The other major donors, in the days when Church and clergy were wealthy, were the Rector of Penshurst, the Reverend Philip Dodd (£500); his successor, the Reverend William Green (£300, but he also paid over £300 for Fordcombe’s organ); Hardinge’s stepson, Sir Walter James MP, who had managed South Park in Henry’s absence in India (£100) and the Patron, Sir John Sidney of Penshurst Place (£100). The Patronage has remained with the Sidney family, periods of interregnum excepted, ever since. Today it is held by Philip, Lord De L’Isle (the title now without the “& Dudley”).

THE CHURCH BUILDING

Returning to St. Peter’s church, the architect was Henry Isaac Stevens of Derby. Pevsner’s Guide in the 1960s (in 2011 under revision) rather limply stated that it is “a nobleman’s very decent chapel”, although of course it was no longer just a chapel. Much more positive was the comment by the Rochester Diocesan architects in 1974 who reported that it is “a very noteworthy building with an extremely high standard of material and craftsmanship”. Despite this, it is, perhaps surprisingly, listed just Grade ‘C’.

The materials used were fine sandstone ashlar (large, square-cut stones) for the walls, quarried locally at the now disused Quintain quarry, situated near where Leggs Lane joins the Speldhurst Road. This quarry produced stone for many other buildings, walls and bridges in the area. The diminishing courses of roofing tiles came from rather further away, being of Westmoreland slate. These have lasted well, so that when re-roofing was necessary in 1999, more than half could be re-used. This essential work was made possible by a major grant from the Heritage Lottery Fund and other funding bodies. Not being large enough to merit a bell tower, the roof supports a bellcote with two bells – not adequate for ringing peals but just for summoning the faithful to worship. One bell has no inscription but the other was recast by Gillett & Johnston in 1953 – perhaps a donor commemorating the Coronation of Queen Elizabeth that year.

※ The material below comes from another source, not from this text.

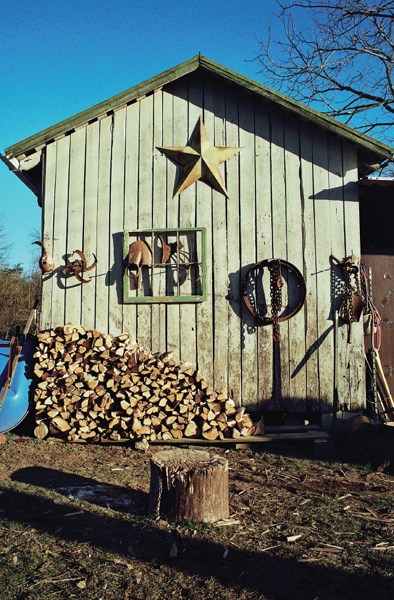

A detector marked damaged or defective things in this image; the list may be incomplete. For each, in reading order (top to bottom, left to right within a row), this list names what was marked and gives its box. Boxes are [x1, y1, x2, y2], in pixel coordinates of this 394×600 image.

rusty metal star [157, 116, 243, 199]
rusty metal hoop [242, 258, 306, 324]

In 1848 the building had been constructed in plan as a simple rectangle, but in 1883 a north wing designed by Edward Tarver was added to accommodate a vestry and the organ, at a cost of £600. The builder was the local Penshurst builder, Hope Constable. Its construction required the granting of a Faculty (Diocesan permit) for the re-location of graves already present beside the building. The organ has an interesting history, having been constructed two years before St Peter’s was even considered, in 1845. It was designed by John Stevens and manufactured by Joseph (now J.W.) Walker, at a cost of £240, for the Crisp Street School Room in Poplar, near the London docks, one of many schools for the poor founded by General Gordon. It was purchased for £237-11s-4d by the Reverend William Green, Rector of Penshurst from 1852 to 1878. It seems strange for it to be sold, dismantled and removed to Kent after only four years in the school. It probably reached Penshurst by the recently opened railway line, to be moved by cart to St. Peter’s, where it arrived in May 1850, a year after the consecration. This cost £73, including installation in the building, but not including today’s “beautifully decorated rectangular oak case, with arched compartments and decorated front pipes matching the architecture of the chancel”. Some of these pipes at the side of the case are actually just for show, matching the real pipes, but made of wood. It is also claimed to be “quite unique and special for a village organ”. On being refurbished in 1991, J.W.Walker reported that “this instrument is a very attractive example of a village church organ which still has the old style charm that organs exhibited before the excesses brought about by the re-ordering of churches later in the 19th century”. There is no clue to the organ’s original position in the building, between 1850 and 1883. Before being moved to its present location it was returned to Walker’s for the installation of extra features.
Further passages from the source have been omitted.